What is required
Copy exactly every line below, from the first through the one that contains "New Universal Car", and skip all pictures.

Information given
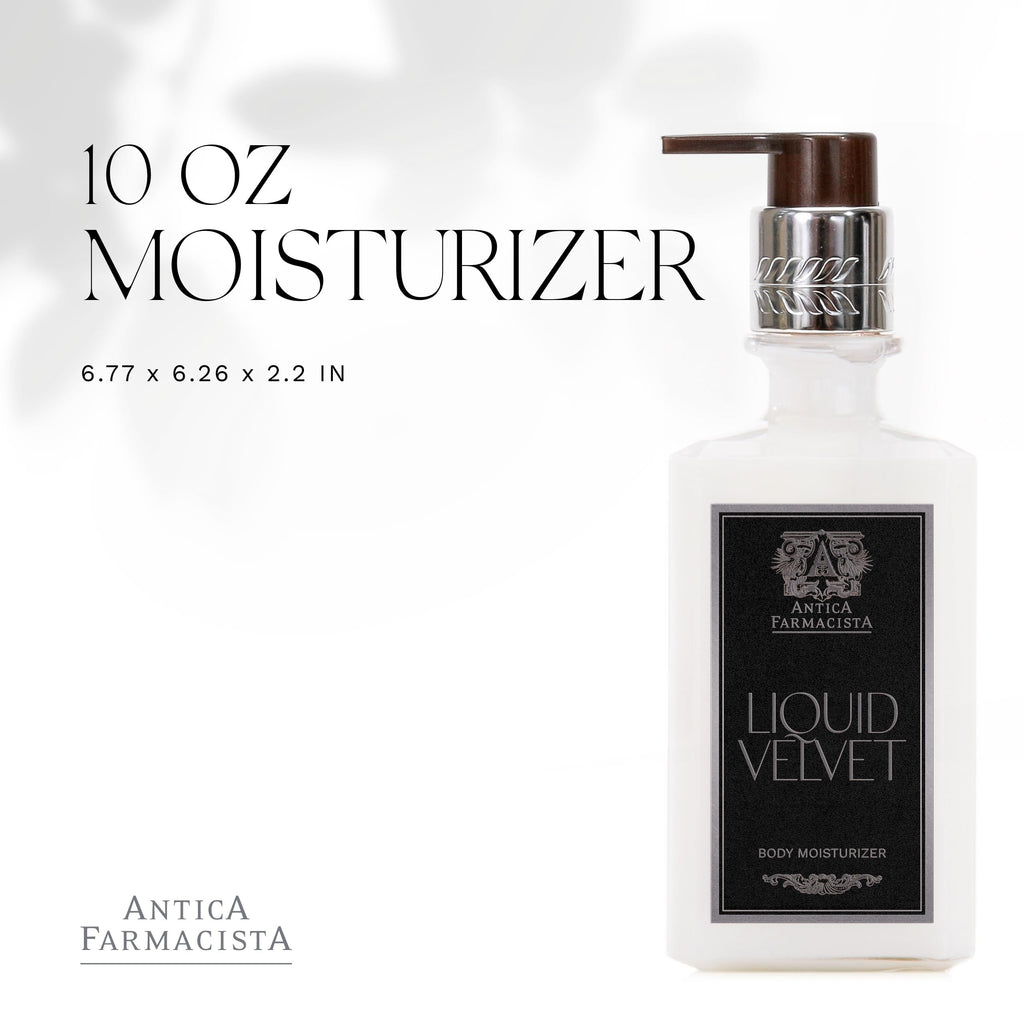 Antica Farmacista Body Moisturizer – Liquid Velvet with Aloe Vera, Green Tea & Sweet Almond Oil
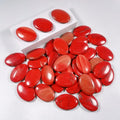 Hongzhuo Hot Selling Healing Products Red Jasper Crystal Oval Palm Stone for Decoration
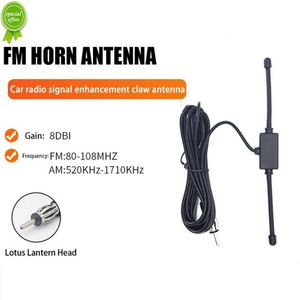 New Universal Car Parabrezza Am Fm Radio Antenna Amplificatore di segnale Booster Hidden Radio Active Truck Antenna Antena 12v Stereo B0h2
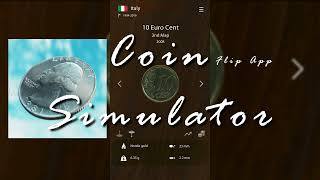 3D Realistic Coin Toss App | Coin Simulator | Real Coin | Coin Flip App | Android | iOS screenshot 2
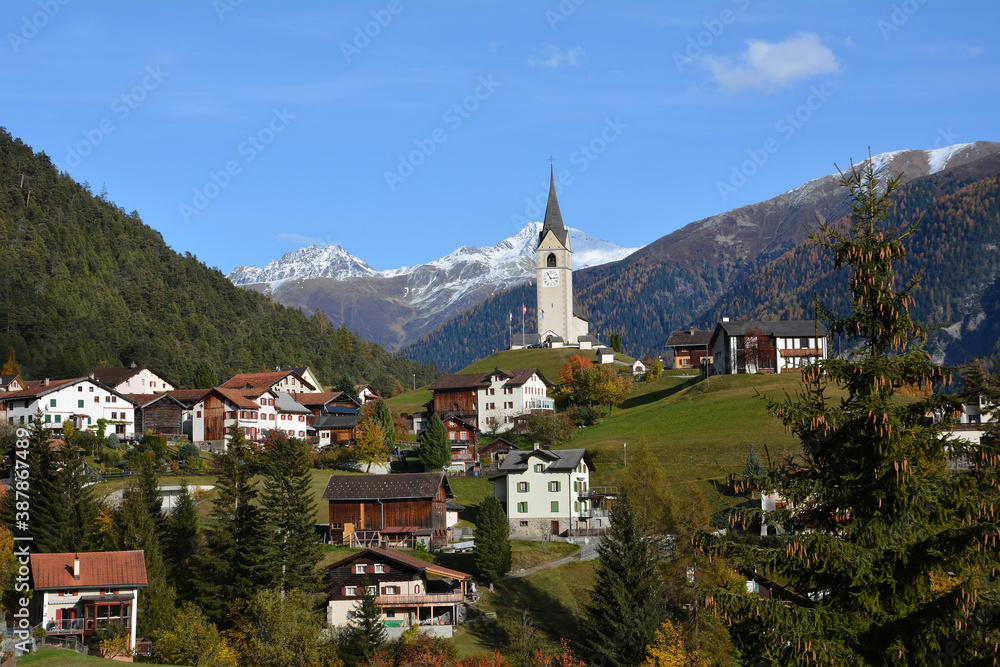 Schmitten, Kanton Graubünden, Schweiz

Written response
 Antica Farmacista Body Moisturizer – Liquid Velvet with Aloe Vera, Green Tea & Sweet Almond Oil
 Hongzhuo Hot Selling Healing Products Red Jasper Crystal Oval Palm Stone for Decoration
 New Universal Car Parabrezza Am Fm Radio Antenna Amplificatore di segnale Booster Hidden Radio Active Truck Antenna Antena 12v Stereo B0h2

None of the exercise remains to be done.